Scendiamo in strada. Mentre mi domando se stiamo realmente andando a mangiare una slice di pizza con Jerry Schatzberg, lo osservo da dietro camminare sul marciapiede. Giacca di jeans, sneakers, passo dinoccolato, sguardo sulle persone. Sa che lo stiamo riprendendo ma non fa caso a noi. Il semaforo sta per diventare rosso ma lui scatta e attraversa ugualmente. Una folgorazione. Penso a Lion, il protagonista de “Lo spaventapasseri”; non c’è dubbio: lui è il nostro scarecrow. Mentre passeggiamo Schatzberg mi spiega: “Il libro uscirà ad ottobre e poi lo andremo a presentare a Lione all’interno di una rassegna cinematografica. Allestirò anche una piccola esposizione con delle foto di Dylan; proprio in questi giorni sto lavorando alla scelta delle immagini da portare in Francia”. Schatzberg ci autorizza a seguire e filmare in presa diretta il suo lavoro durante la giornata. Non siamo al cospetto di un vecchio che si compiace nel raccontare gli aneddoti della sua incredibile vita, abbiamo di fronte un artista maturo che trae vitalità dal suo stesso lavoro. È un delitto far rimanere a casa quest’uomo di 91 anni ancora così pieno di energia e di progetti: questo più o meno è il pensiero che travolge me e Caramaschi e che ci convince a cambiare radicalmente i nostri piani e la premessa del nostro progetto. Prima di rientrare in casa Schatzberg mi chiede di scattargli una foto sotto un cartello con scritto “for rent” (in affitto ndr), si mette in posa e poi scherziamo sul fatto che lui ci ha offerto la sua disponibilità per il solo piacere di farlo. In ogni caso questa responsabilità pesa su di noi come un macigno.

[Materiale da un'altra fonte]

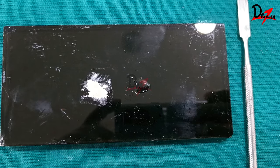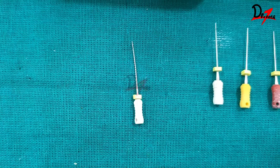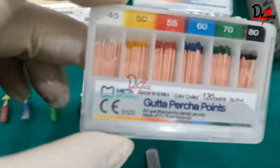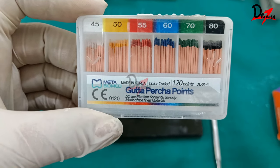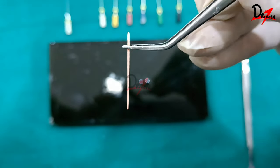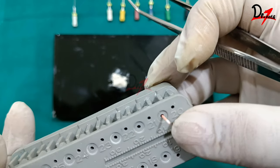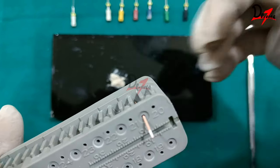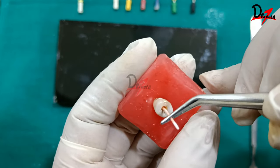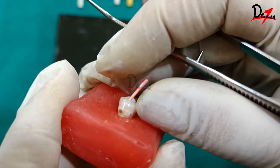I'll now dispense the powder and liquid of endomethazone sealer onto the glass slab. Before mixing, we select the master apical gutta-percha cone. My master apical file was #45 and working length was 20.5 mm, so I'll take a #45 GP cone, mark it at 20.5 mm, bend it at that point, and place it into the tooth.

Scena 4. Interno giorno. Appartamento Schatzberg.

La mattina troviamo il fotografo nel suo studio di posa mentre srotola sul pavimento delle stampe di Dylan per controllare se possono essere utilizzate per la mostra. Scruta meticolosamente la stampa: “Questa può andare” sostiene rivolgendosi alla giovane assistente. Schatzberg in ginocchio svela un po’ alla volta, come in una mano di poker, le altre stampe. Si intravede un primo piano di Dylan mentre si copre lo sguardo con la mano. “Questa è una delle mie preferite”. Poi estrae una stampa composta da diversi ritratti di Dylan in bianco e nero, in pose diverse. È la stessa foto incorniciata nel corridoio. “Anche questa va bene, ora andiamo a vedere in archivio cosa è rimasto [..] Tutti conoscono le mie foto ma in pochi sanno che le ho scattate io”: questa frase continua a risuonare nella mia mente.

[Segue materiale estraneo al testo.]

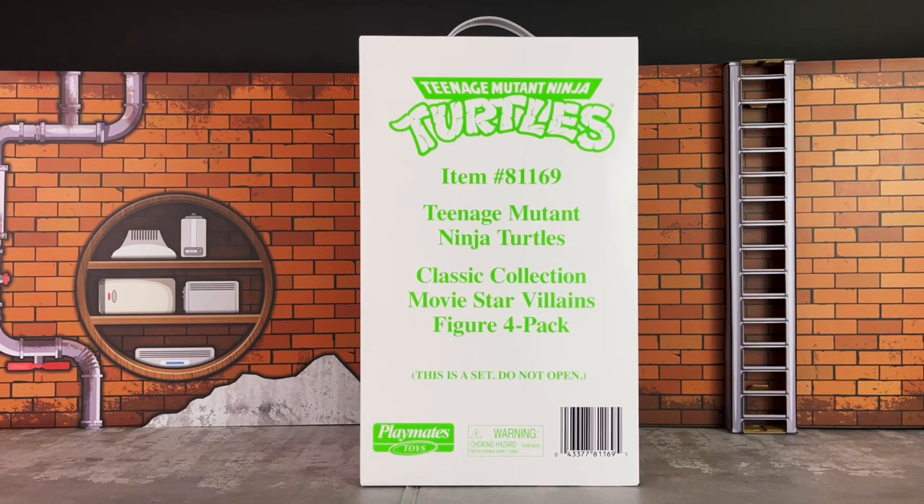Hey everyone, Anthony Scott here at ToyHypeUSA.com. Today we are reviewing Playmates Toys' newly released classic collection, Movie Star Villains figure 4-pack, and their Teenage Mutant Ninja Turtles. These figures are reissued and repainted from the Vintage Line and are exclusively available at Amazon here in the U.S. Link below in the YouTube description as well as on ToyHypeUSA.com. Please click that hyperlink before you shop — we would greatly appreciate that. Special shout-out and thank you to Playmates Toys for sending this set along for review.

Scena 5. Interno giorno. Archivio Schatzberg (stesso giorno).

Dopo una breve passeggiata raggiungiamo l’archivio del fotografo, entriamo in un ascensore che ricorda un vecchio montacarichi e ci ritroviamo in un dedalo di corridoi deserto. Le pareti sono cosparse di pesanti porte verdi in metallo, chiuse con dei lucchetti. Schatzberg ci fa strada, entriamo nel suo storage: una piccola stanza piena di scatole e stampe imballate con delle targhette: Jimi Hendrix, Fidel Castro, Rolling Stones, Al Pacino, Frank Zappa…

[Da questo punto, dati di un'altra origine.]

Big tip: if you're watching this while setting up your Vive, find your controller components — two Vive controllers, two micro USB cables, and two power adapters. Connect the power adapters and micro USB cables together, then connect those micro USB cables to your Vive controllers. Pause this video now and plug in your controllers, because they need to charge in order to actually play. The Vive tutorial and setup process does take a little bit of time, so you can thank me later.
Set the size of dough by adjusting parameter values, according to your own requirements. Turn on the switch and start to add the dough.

Dylan deve essere lì dietro” spiega Schatzberg all’assistente. “Prendi la serie dal 1965 al 1967”. Io e Caramaschi lo aiutiamo a cercare, spostando cornici e imballaggi, continuando a riprendere e tenendo sotto controllo la nostra curiosità. La tentazione di chiedergli di aprire gli imballi e mostrarci almeno una di quelle serie fotografiche è forte.

Scena 6. Interno giorno. Appartamento Schatzberg.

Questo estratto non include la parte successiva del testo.